First, despite rejecting his offering, God visits Cain – not Abel (at least as far as we are told). This was an indication that God cared about Cain - probably more than He cared about Abel, and the continued protection Cain received from God even after killing his brother is evidence of this. And then God says something powerful to Cain – If you do what is right, will you not be accepted?. God’s acceptance was not about who He preferred; it was about what Cain did. God’s acceptance was and is not based on situation or circumstance but based on our actions – the way we respond to those circumstances.
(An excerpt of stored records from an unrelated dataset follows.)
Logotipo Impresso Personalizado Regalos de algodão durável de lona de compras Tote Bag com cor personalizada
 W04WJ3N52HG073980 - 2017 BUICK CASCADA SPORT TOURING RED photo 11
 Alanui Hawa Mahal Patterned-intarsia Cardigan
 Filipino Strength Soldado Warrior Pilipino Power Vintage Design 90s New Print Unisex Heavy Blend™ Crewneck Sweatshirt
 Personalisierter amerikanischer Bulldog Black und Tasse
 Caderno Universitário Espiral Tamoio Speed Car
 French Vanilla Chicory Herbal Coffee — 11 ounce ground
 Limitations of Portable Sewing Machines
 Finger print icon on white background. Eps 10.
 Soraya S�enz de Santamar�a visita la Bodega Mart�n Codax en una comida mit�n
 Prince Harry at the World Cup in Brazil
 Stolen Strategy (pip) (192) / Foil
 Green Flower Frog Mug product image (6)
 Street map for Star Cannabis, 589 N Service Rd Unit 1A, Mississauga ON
To draw a parallel, Christ in Matthew 25 vs. 14 – 29, describes an unprofitable servant in the parable of talents. The unprofitable servant – who received one Talent, refused to acknowledge his responsibility but focused on the perceived unfairness of the situation and his master. The second servant who received two talents serves as a contrast to the unprofitable servant. While he may have had reasons to be unproductive and unprofitable: he received considerably less talents than the first servant who got five talents, and had the same ‘hard’ master – in the words of the unprofitable servant, he chose to trade his talent and deliver results. He could not come up with results as grand as the first servant, because he had not been given as many talents to generate those results. But he made the best of his circumstance and delivered as well as he could. He did what was good, and he was accepted as well as rewarded. Interestingly, his reward was the same as the one who delivered 5 talents. The test was not about the talents, it was using the time they had to do the best they could.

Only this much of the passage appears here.